Mock Framework vs Anonymous Class for Unit Tests



I recently discussed at work what to use for unit tests: a mock framework (e.g. Mockito) or anonymous classes. Surprisingly for my only one person choose anonymous classes and there where many votes for the mock framework. I prefer myself the mock framework. 

The benefits of a mock framework:
  • if you mock an interface within multiple tests with anonymous classes and then you change the interface you have to touch all of these test files. Even if the new added method doesn't break the old tests.
  • if the interface has many methods but you need only a few of them, the anonymous class still have to implement each method. So it's quite messy and doesn't help to read the code.
  • sure your IDE will generate the anonymous class with all methods with one keystroke. But if you want to make explicit which method is used in the test than you have to rewrite all unnecessary methods to something like this: throw new RuntimeException("not implemented"). Because otherwise you can't decide if the test relies on the method to return null or it's not used for the test.

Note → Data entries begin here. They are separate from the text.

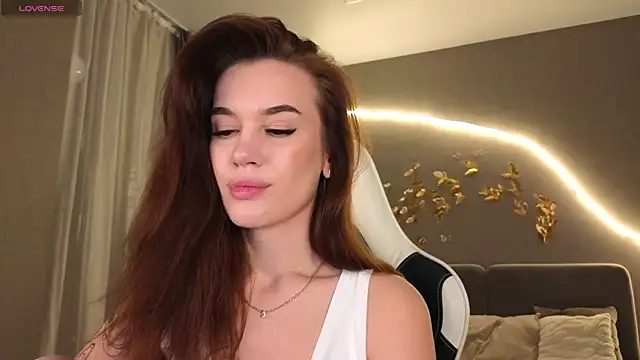 Snapshot of BBabyShark chatting on 10/13/25, 09:20 BBabyShark online show from 10/13/25, 09:20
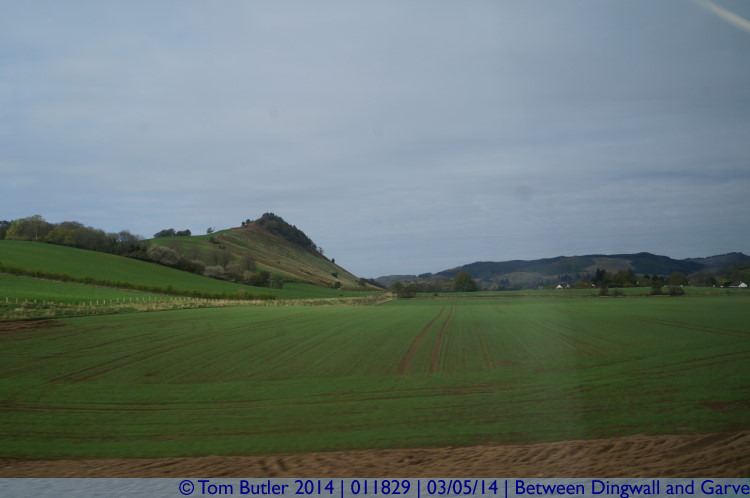 Photo ID: 011829, Heading into the hills, Between Dingwall and Garve, Scotland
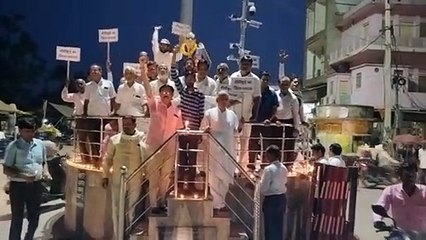 बांदीकुई को जिला बनाओ मांग को लेकर किया दीपदान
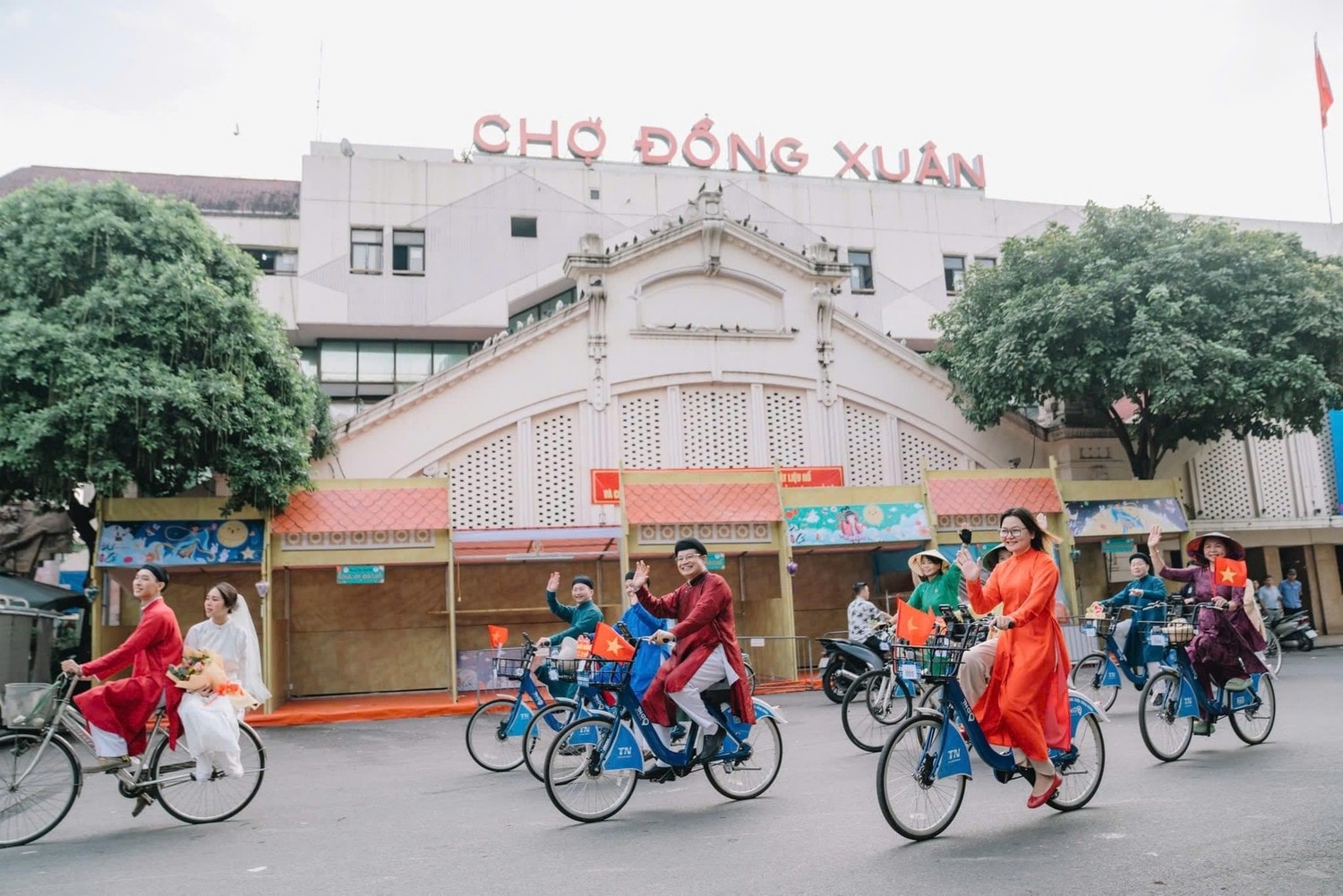 Hài hòa bảo tồn và sáng tạo để áo ngũ thân trở lại đời sống. Ảnh: Văn Thể Huế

  • the code navigation in the IDE (at least IntelliJ) gets messed up because of the anonymous test classes. If you want to jump to the method implementation of an interface and there is one class implementing the interface than IntelliJ will jump directly to the correct code (ctrl+shift+b). But if in the test classes the anonymous mock classes are defined than IntelliJ will show you all anonymous classes which are in this case completely uninteresting.
  • mocks are cleaner to write. if you want different return values by different parameters than you just define them in two lines. In an anonymous class you have to use if/else.
  • mocks are more powerful. You can verify if the methods got called with the right parameters and are called exactly x times.
There is just one downside of mock frameworks: you have to learn one of them. 
It pays off to learn a mock framework and to use it because of all the benefits you get from it (see above). I am currently using Mockito which has a very easy and clean API.